What you have to do: Copy the entries exactly. Leave out any pictures.

Data shown:
= = =

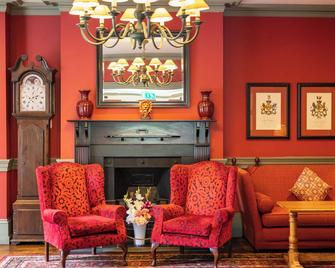 The Red Lion Hotel - Uxbridge - Лаунж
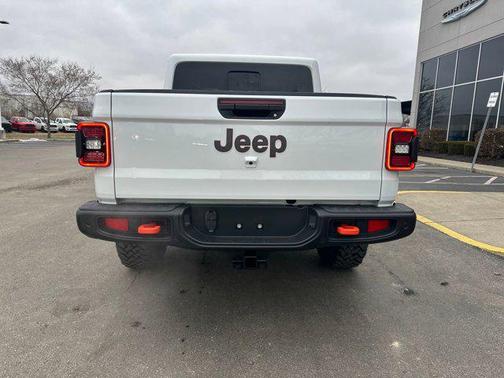 2026 Jeep Gladiator Mojave 4x4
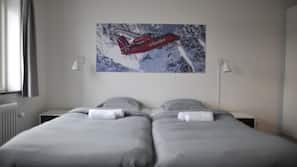 Soundproofing, free WiFi, linens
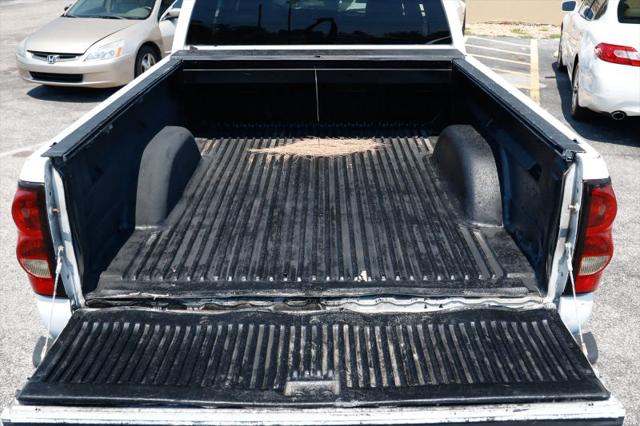 2004 Chevrolet Silverado 2500HD LS
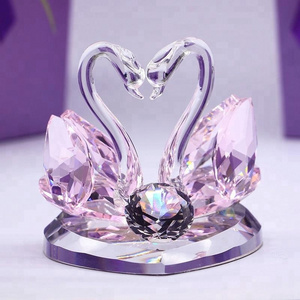 Wholesale Creative Car Decoration Crystal Swan crafts perfume bottles for Business Gift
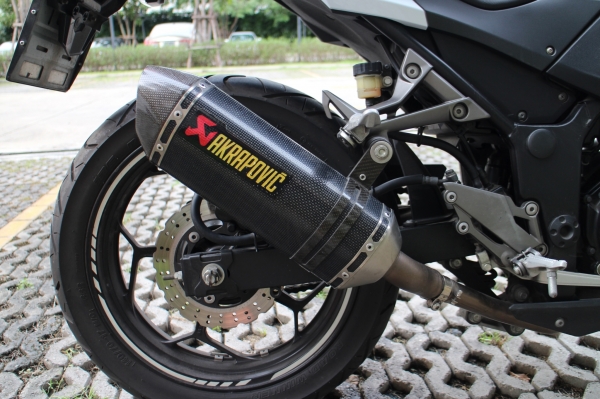 ขาย BigBike Kawasaki Z250 ปี 2012 สีขาว สภาพนางฟ้า ขาย BigBike Kawasaki Z250 ปี 2012 สีขาว สภาพนางฟ้า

= = =

Response:
 The Red Lion Hotel - Uxbridge - Лаунж
 2026 Jeep Gladiator Mojave 4x4
 Soundproofing, free WiFi, linens
 2004 Chevrolet Silverado 2500HD LS
 Wholesale Creative Car Decoration Crystal Swan crafts perfume bottles for Business Gift
 ขาย BigBike Kawasaki Z250 ปี 2012 สีขาว สภาพนางฟ้า ขาย BigBike Kawasaki Z250 ปี 2012 สีขาว สภาพนางฟ้า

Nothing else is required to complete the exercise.